We're on our way out of Afghanistan. The politicians know it. The generals know it. The Afghans know it, as do their neighbours. The only people who are apparently not meant to know it are the soldiers fighting this hard-slogging war and the public. We know the start of withdrawal. President Obama has made it clear. It's July of next year. And that has been held to (despite the efforts by the Republicans to force him off the commitment) by General David Petraeus on Tuesday in his Senate confirmation hearings as Stanley McChrystal's replacement to head the forces in Afghanistan. But over what period the withdrawal is expected to take place is surrounded in ambiguity.
David Cameron has now put the time frame at five years, which is at least some indication of allied thinking. The Americans won't give any commitment – although there is the strong suspicion that Obama wants his forces out before his re-election campaign in 2012, which puts an even harder deadline on the nine-year-old venture. It all depends on how the surge goes and how ready the Afghans are to take over. Announcing target dates would only encourage the "enemy" and make withdrawal more difficult.
You can see the military logic, but in political terms it's too late for such obfuscation. The success or failure of the current surge – which, as Petraeus admitted, has become bogged down in some pretty heavy fighting – obviously affects conditions on the ground. If it's working, local handover is made easier. If it doesn't, then handover becomes more difficult if not impossible.

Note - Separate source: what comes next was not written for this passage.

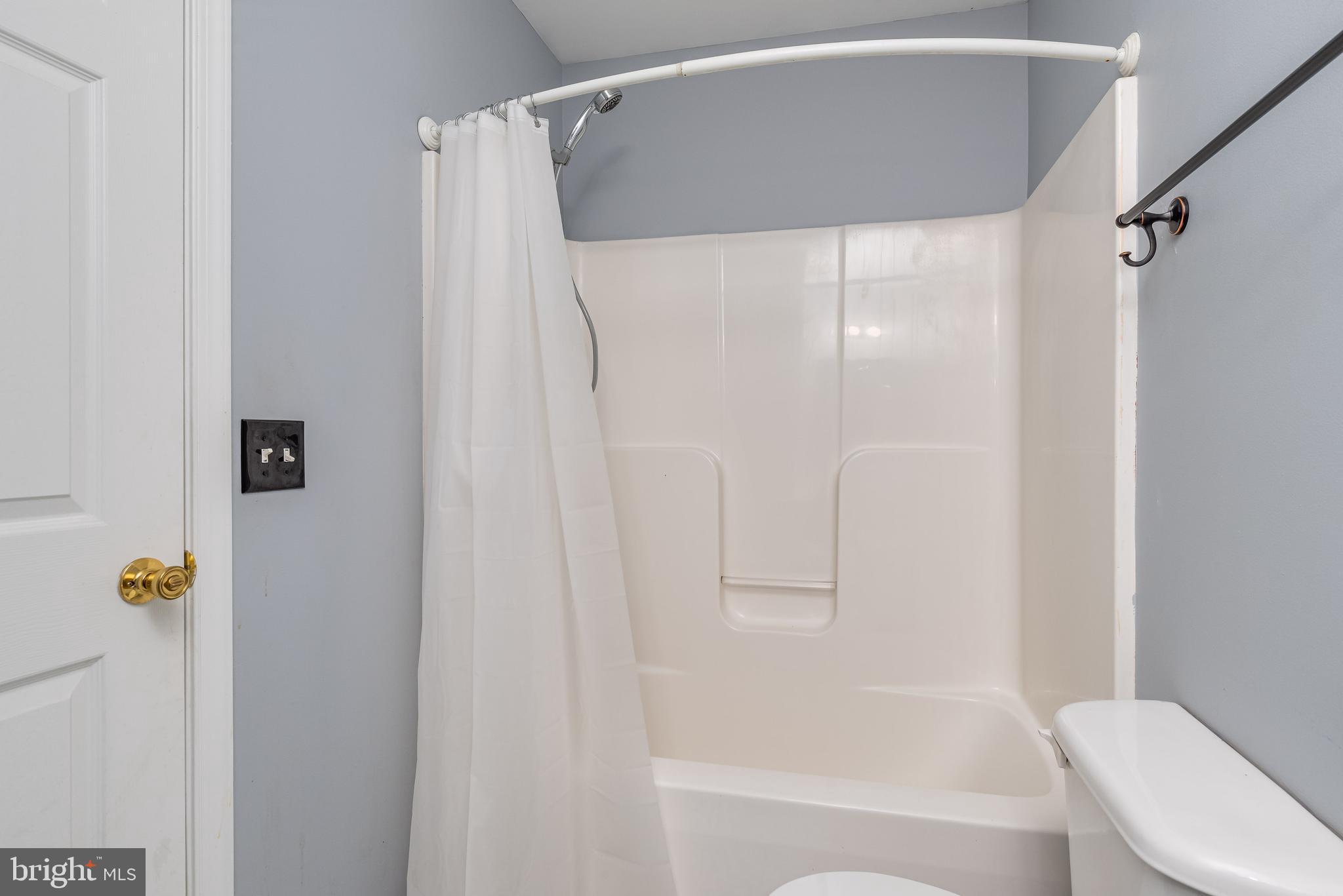 BRIAR RUN - Residential Lease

But then are we saying that the less successful the military strategy the longer we have to remain? Of course not. It just influences the extent to which we can get out without appearing to be cutting and running. The central problem – the impossibility – of the McChrystal strategy was that a policy of "hold and build", of retaking ground and then putting in a major effort at civilian reconstruction to win the hearts and minds of the locals, could only work without any deadline. And it could only be effective if it was part of a policy of total occupation – neither of which America or its allies could countenance.
Petraeus knows this. He also knows that the conditions which made the surge seem successful in Iraq – the decision by the Sunnis to stop fighting the Americans and the Shia at the same time and the sense by the Shia that they had gained most of what they wanted – don't apply in Afghanistan. As the most political of generals, his main aim now is to get out without a blot of failure on his or the armed services' record.

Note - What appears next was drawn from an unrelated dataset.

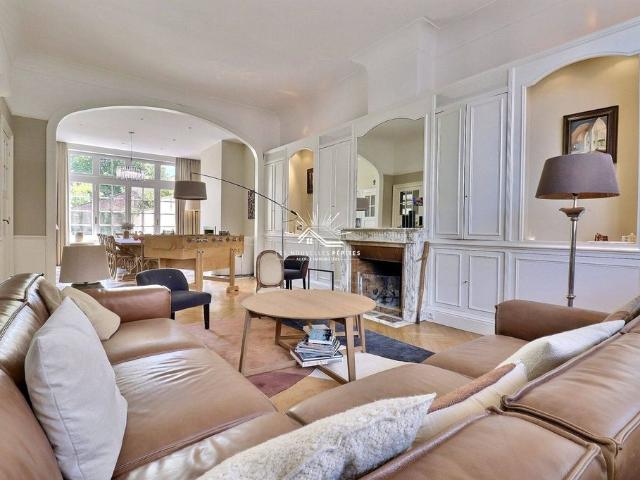 Maison de 12 pièces de luxe en vente à Croix, France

That essentially means supporting, through gritted teeth and swallowed words, President Karzai in doing whatever deals he feels is necessary to keep in power, whether that means cutting deals with good or bad Taliban and good or bad local feudal lords. It betrays the principles of democracy and the rights of women. It also raises some very big and worrying questions within Afghanistan about the future of the non-Pashtun minorities once the Taliban deals are done. But the truth is that the politicians of the region are already making their moves in the expectation of the withdrawal of Nato troops and there is very little we can do now without making things worse by meddling more.
Our main concern may well have to be directed towards ourselves. This campaign has not only done a great deal of harm to Afghanistan, it has also done considerable damage to the Western Alliance. It was begun as a Nato operation and now threatens to fall apart as a joint enterprise. The Dutch are heading for the exits this year, the Canadians in 2011 and the Polish in 2012.
As Karl-Theodor zu Guttenberg, the Defence Minister of Germany (which has the third largest force in Afghanistan and has lost more than 40 men there) said in London this week, the experience of this war should lead to a radical rethinking of the criteria under which Nato went "out of theatre" in future operations. He's right. Every country is now rethinking its defence budgets and strategies. Before we get too carried away with the idea that old-fashioned Cold War armaments should be replaced by the fleet-footed forces for ventures abroad, we need to think whether we should embark on foreign interventions at all.
Why did Goldsmith change his mind?
While Afghanistan poses new questions, all the old questions of the Iraq venture are being replayed at the Chilcot inquiry, which resumed its hearings this week. Biggest new revelation is the publication of Lord Goldsmith's initial advice saying that invasion would be illegal. Like so much else in this fascinating inquiry, the revelation is not new as such. Lord Goldsmith has already said that he changed his mind before giving his final advice in support of the war. But it does raise all sorts of questions as to why the Attorney General underwent quite such a radical conversion. Whether the Chilcot committee ends up concluding that the war was illegal, I doubt. But one wonders whether the Cabinet Secretary would have allowed publication if Chilcot was still sitting under Labour.
What sticks in my craw, however, is the inquiry's claim to be full and comprehensive. It spent, it boasts, part of the period during the election when it was in purdah visiting France and the US to find out recollections there. The one place it didn't get to, of course, was Iraq itself and the one set of people it is not going to interview is the Iraqis themselves.
How a so-called independent committee, which includes two historians (admittedly neither of them known for expressing any sympathy with the Arab point of view) can claim to understand what went on without finding out the view from the other side beats me. But until we do, we'll never learn the lessons of these conflicts, in Afghanistan no more than in Iraq.